The prerequisite for “Hip-Hop in Deep Concentration” is 9th Wonder’s hip-hop history class. He led the launch of NCCU’s hip-hop program in 2014, in partnership with the history department led by Jim Harper. The future of the program is still to be determined since “our beloved chancellor [Debra Saunders-White] passed away. She gave me and Harper the go ahead to do this,” 9th said. “Saunders-White understood it’s important to become progressive and meet students where they are.”
In the hip-hop history class, he tried to get students to think about hip-hop history and black history, 9th said. “This class is about taking that critical thinking and applying it to yourself. It could be a job in hip-hop or starting your own engineering firm,” he said. The deep concentration class is about teaching kids to be self-reliant and self-disciplined and have self-worth and self-determination. The student label project is semester-long in both of his classes and teaches them to go out and get it on their own.
Johnson and Darby, CEO and vice president of Black Bullies respectively, are both public relations majors. Darby said the class project is harder than she thought, trying to get someone to listen to someone that they’ve never heard of. Ernest Third, who signed a three-month contract with Black Bullies, is already popular in the Baltimore area, she said.
Ernest Third, who’s full name is Ernest Hawkins III, will drop “Highway Mediation” as a follow up to his previous album, “Dorm Meditation.” Darby played “Dorm Meditation” in her car with friends.
“Everyone said, ‘This is nice, who is this?’”
Ernest said he had nothing to lose to sign with Black Bullies for the next few months. The fact that 9th Wonder teaches their class played a big role in it.
“9th Wonder is a legendary producer. I was inspired once I heard his name. He’s inspiring,” Ernest said in a phone interview from Columbia, South Carolina, where he recently returned from Baltimore. He played football at South Carolina for a year and wants to go back to school this fall. His music has a bigger purpose than sports for him, he said, and using his words, music and voice to tell his story. His new song, “Bridge the Gap” off “Highway Meditation” is about that.
Previous songs include “Success” with Mighty Mark in Baltimore, and “Old Summah,” which he made when he was living in California. Ernest previously went by Ernest Peso, but changed it to Ernest Third to reflect growing up, and that he’s also the third Ernest Hawkins in his family. “Highway Meditation” is an EP, and Ernest will work on an EP later this year with Mighty Mark, which will feature “Success.”

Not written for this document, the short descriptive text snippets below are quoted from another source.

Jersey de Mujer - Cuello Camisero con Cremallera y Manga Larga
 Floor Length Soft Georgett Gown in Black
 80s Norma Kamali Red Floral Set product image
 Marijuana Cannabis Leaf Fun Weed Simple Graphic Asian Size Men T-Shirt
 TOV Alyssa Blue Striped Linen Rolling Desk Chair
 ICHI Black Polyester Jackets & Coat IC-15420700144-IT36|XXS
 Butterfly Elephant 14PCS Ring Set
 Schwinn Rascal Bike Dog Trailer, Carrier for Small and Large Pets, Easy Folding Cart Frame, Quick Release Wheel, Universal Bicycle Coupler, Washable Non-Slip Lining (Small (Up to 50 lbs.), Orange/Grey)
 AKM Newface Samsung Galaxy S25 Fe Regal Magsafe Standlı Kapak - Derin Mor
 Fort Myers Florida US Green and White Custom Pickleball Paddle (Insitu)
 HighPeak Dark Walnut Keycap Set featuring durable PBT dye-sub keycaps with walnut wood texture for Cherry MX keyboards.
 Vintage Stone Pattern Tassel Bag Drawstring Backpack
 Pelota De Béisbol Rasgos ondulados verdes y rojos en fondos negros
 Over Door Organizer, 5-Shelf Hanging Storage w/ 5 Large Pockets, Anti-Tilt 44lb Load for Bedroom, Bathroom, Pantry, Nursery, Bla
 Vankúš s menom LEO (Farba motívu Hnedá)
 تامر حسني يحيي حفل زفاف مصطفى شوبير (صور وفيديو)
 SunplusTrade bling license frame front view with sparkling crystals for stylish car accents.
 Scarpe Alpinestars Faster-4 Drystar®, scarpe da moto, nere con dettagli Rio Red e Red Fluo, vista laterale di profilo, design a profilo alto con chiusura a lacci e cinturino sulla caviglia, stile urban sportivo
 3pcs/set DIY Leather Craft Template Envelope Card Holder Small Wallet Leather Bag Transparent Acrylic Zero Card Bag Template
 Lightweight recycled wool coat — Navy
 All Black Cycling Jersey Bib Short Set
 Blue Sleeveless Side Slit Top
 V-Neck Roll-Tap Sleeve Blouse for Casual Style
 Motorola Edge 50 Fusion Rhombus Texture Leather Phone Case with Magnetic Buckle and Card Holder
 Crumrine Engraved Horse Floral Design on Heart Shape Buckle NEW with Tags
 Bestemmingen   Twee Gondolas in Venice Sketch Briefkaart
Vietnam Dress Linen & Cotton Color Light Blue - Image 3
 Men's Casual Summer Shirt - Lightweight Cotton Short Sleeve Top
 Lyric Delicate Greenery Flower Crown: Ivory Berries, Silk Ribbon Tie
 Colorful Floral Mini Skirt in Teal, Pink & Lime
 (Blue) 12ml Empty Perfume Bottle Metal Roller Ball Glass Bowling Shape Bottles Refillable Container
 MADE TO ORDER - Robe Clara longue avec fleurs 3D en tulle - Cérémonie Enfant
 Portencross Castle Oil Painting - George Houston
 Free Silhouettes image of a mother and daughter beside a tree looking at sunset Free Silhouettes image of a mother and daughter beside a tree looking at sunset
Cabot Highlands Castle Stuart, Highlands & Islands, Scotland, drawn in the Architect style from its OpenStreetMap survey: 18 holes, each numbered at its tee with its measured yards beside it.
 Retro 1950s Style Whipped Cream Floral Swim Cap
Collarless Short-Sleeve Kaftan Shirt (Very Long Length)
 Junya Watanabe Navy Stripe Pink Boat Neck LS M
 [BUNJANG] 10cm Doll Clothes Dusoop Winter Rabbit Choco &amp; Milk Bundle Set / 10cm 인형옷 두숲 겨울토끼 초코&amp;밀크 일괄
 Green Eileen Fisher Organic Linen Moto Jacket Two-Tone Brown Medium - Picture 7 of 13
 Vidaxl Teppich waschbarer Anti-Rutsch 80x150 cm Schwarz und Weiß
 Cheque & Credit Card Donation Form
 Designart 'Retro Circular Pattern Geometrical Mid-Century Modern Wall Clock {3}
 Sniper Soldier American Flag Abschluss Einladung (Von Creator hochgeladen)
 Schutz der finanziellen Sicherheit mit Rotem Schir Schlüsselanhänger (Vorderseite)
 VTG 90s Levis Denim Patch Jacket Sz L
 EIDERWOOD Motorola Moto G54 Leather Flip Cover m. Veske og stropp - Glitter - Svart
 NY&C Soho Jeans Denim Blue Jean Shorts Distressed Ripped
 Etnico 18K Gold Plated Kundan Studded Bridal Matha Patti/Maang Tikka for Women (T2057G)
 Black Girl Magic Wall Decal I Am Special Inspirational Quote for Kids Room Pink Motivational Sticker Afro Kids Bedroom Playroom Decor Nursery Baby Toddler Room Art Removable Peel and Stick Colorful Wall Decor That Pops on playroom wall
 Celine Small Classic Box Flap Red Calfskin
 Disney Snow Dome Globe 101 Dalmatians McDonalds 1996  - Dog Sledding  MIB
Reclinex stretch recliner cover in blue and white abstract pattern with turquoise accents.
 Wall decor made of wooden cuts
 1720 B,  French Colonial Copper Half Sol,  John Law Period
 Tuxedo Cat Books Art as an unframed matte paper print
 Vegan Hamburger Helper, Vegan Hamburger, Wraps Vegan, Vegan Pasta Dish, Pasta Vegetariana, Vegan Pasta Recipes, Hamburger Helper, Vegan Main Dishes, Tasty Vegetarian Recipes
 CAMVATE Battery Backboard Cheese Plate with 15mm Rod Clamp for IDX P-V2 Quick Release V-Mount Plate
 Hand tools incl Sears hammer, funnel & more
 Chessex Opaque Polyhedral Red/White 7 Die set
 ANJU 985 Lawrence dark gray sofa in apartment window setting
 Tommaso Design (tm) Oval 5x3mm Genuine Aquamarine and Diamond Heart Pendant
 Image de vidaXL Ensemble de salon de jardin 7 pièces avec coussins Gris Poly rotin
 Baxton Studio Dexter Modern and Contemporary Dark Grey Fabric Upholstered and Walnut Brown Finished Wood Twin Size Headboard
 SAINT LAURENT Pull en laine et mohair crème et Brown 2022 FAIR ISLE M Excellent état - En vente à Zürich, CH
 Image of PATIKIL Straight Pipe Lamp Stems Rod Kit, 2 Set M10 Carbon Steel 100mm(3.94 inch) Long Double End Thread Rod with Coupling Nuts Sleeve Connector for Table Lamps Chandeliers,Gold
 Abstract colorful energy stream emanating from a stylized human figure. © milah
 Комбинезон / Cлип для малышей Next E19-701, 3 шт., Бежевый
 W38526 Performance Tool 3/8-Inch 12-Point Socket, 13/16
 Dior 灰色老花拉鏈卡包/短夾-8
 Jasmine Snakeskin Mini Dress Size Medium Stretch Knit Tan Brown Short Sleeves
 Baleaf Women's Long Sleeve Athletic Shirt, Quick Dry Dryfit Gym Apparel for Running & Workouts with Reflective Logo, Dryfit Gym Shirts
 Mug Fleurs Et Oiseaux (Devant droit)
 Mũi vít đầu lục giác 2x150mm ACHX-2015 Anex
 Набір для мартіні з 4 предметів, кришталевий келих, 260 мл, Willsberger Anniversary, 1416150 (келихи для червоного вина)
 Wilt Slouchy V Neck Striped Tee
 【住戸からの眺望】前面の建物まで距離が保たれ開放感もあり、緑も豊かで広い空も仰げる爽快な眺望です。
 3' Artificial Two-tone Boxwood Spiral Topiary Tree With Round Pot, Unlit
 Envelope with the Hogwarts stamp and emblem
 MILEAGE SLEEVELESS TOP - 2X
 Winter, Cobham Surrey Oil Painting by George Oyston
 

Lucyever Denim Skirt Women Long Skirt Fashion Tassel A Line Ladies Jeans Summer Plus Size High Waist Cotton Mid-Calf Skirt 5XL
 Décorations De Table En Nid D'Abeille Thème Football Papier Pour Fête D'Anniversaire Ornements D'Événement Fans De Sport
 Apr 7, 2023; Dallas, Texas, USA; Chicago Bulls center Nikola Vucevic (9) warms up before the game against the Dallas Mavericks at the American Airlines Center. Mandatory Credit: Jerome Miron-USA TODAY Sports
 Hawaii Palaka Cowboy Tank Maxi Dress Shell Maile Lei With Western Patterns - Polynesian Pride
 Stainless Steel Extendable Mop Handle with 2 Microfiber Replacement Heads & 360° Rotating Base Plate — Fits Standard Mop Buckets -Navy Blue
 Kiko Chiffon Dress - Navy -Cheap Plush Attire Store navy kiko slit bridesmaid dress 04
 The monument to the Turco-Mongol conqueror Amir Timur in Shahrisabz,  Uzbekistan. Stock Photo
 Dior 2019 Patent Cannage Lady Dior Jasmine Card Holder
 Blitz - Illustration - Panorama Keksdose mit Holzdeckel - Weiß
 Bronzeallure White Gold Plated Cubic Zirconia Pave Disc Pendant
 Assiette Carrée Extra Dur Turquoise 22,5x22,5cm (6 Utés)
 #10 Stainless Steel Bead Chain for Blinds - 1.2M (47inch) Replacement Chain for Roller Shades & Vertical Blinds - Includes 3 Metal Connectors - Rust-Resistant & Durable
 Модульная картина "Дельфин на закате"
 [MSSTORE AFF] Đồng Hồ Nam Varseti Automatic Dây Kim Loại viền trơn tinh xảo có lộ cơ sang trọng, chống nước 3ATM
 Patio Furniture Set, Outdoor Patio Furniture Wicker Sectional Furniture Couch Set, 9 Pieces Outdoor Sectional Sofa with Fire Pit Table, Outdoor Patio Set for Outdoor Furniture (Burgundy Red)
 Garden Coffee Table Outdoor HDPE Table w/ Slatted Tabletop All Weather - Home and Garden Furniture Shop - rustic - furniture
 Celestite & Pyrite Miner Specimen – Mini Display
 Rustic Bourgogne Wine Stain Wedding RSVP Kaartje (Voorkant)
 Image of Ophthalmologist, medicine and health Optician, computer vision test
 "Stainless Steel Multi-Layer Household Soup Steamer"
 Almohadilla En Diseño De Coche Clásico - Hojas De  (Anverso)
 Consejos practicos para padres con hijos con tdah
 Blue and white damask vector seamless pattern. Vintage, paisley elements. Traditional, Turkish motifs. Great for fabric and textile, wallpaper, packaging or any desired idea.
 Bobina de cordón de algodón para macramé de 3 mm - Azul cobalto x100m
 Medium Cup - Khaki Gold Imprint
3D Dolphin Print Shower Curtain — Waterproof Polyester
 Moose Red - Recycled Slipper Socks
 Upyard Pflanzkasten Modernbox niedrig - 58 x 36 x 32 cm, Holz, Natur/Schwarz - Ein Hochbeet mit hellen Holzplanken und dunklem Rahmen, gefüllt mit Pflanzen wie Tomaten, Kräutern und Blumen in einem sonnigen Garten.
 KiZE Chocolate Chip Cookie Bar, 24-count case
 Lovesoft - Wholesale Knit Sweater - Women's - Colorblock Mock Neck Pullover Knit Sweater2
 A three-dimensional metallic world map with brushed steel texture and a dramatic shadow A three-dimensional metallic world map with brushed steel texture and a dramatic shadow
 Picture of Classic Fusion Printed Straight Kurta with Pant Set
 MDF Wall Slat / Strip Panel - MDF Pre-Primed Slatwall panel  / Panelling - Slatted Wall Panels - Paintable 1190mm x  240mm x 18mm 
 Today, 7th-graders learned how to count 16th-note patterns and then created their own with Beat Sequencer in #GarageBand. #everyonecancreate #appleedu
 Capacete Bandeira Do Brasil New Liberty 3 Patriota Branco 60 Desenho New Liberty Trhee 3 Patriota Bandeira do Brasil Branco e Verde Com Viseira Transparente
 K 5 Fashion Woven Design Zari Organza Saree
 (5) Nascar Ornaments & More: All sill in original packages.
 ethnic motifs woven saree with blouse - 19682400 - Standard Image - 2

Moving back down South in March was for a change of scenery. As an artist, Ernest Third was ready to try new things.
Johnson said that 9th has given them the guidance and background, and it’s up to them to take it whatever direction now. Darby said that being in 9th’s class is also being taught about life, not just the music industry.
“I’m trying to put everything in their hands. There’s not a farm league in the hip-hop industry,” 9th said. “They’ve got a rude awakening of how hard this is. This is not an overnight thing.”